The Add New Option: and Option value: edit boxes clear out in preparation for another entry in the event multiple new Advanced Settings are going to be entered. The newly added Advanced Settings are tacked onto the bottom of the list as they are being added. This gives the user a chance to inspect the entry. Exact spelling of the Advanced Setting is important as well as the case. All Advanced Settings are in lowercase.
Now that the Advanced Setting is entered properly, press the Apply button. Note that sometimes the Apply button is not enabled.
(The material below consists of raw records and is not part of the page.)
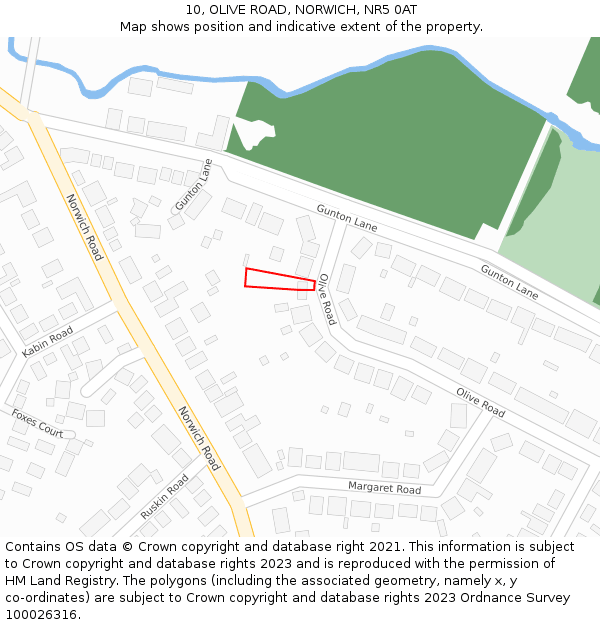 10, OLIVE ROAD, NORWICH, NR5 0AT: Location map and indicative extent of plot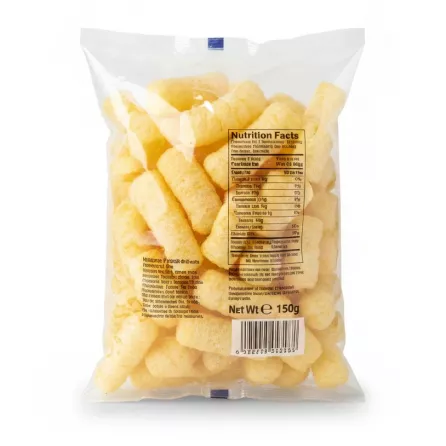 Back view of Buggy Family cheese flavour puffs packaging with ingredients and nutritional facts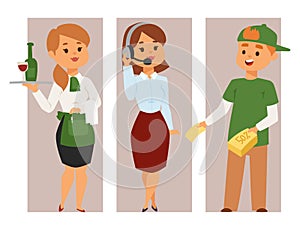 People part-time job professions vector set characters temporary job recruitment concept. Different workers or time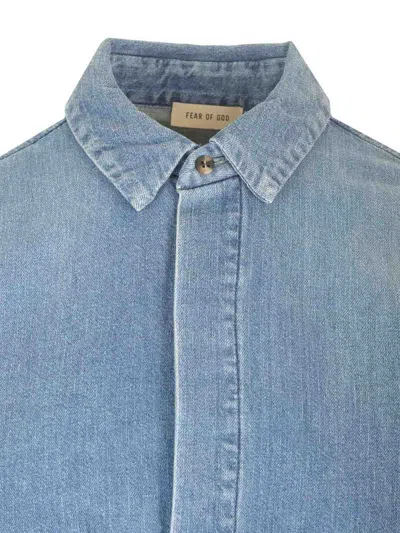 Fear Of God Blue Vented Denim Shirt In Medium Indigo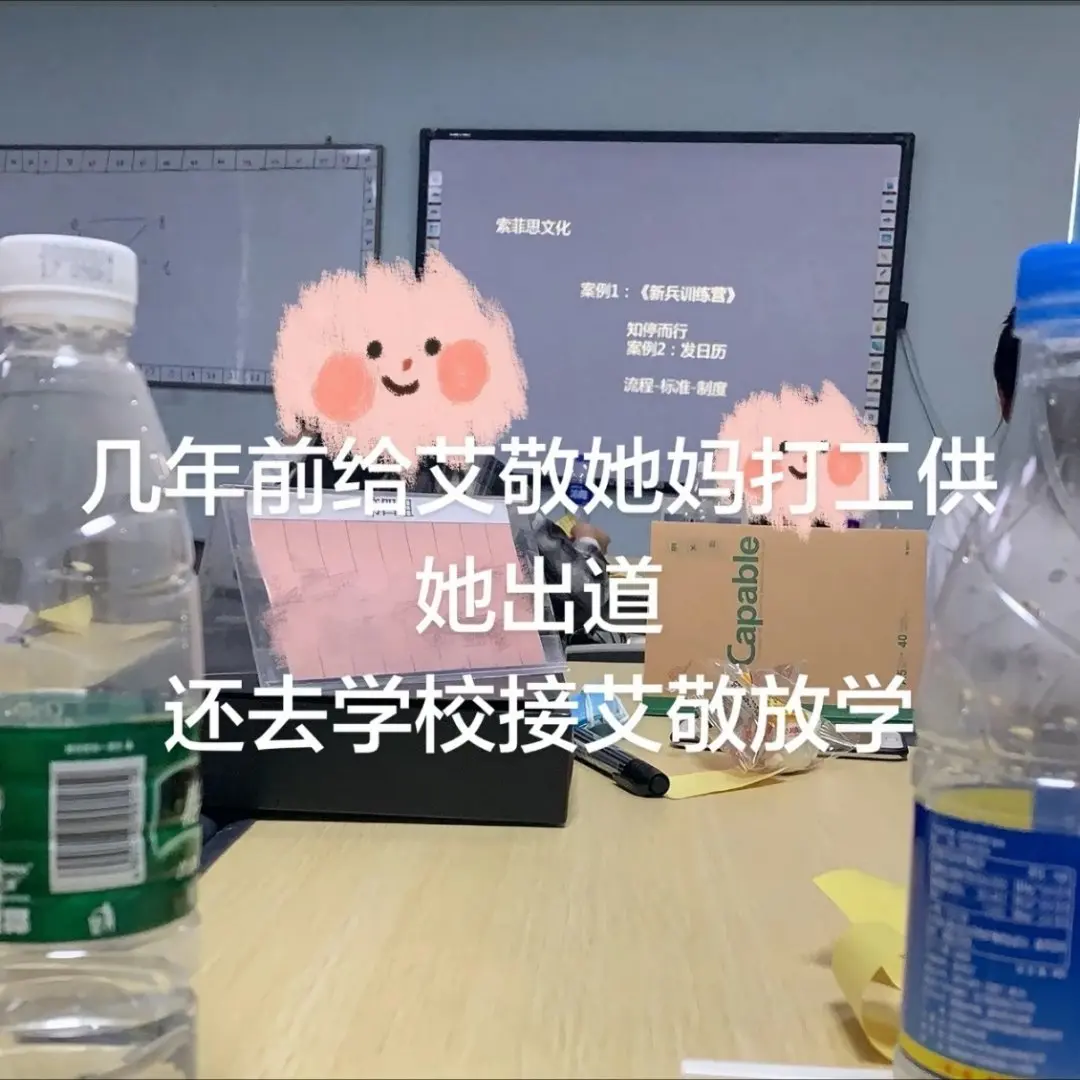 曾在北京索菲思教育科技有限公司工作的網友爆料，指幾年前在公司任職期間，除了正常工作外，還曾被要求前往學校接盛艾敬放學，質疑這屬於私人事務。(圖：微博)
To enable it, click into the Add New Option: edit box and then the Apply button becomes enabled for clicking. When presented with this pop-up, press the OK button to submit the new Advanced Setting and value.
Confirming the Change
This final validation is the most important. Click on the Support menu again and choose Browse Files.
This takes you to the file system on the FC. Click on sw.
Click on today
Click on logs.
Click on sw.log
Perform a search in the browser page, Enter cse_exec_interval_secs into the search box to find the Advanced Setting
Accepted Advanced Settings are listed as shown in the screenshot.
The ones not accepted are listed as shown as "not part of input configuration", in this case it was due to the user misspelling the setting. This is why its important to check the log after making such configuration changes.
Congratulations!
You have just entered a new Advanced Setting and validated its acceptance by the engine.
Now, the feature is enabled to run the CSE logic on the flows approximately every 2 minutes after the flow reaches the early_check_age which defaults to 160 seconds.
If the CSE rules involve accumulating byte counts over time, this feature improves the timing at which the CSEs trigger on flows that match the criteria you have defined.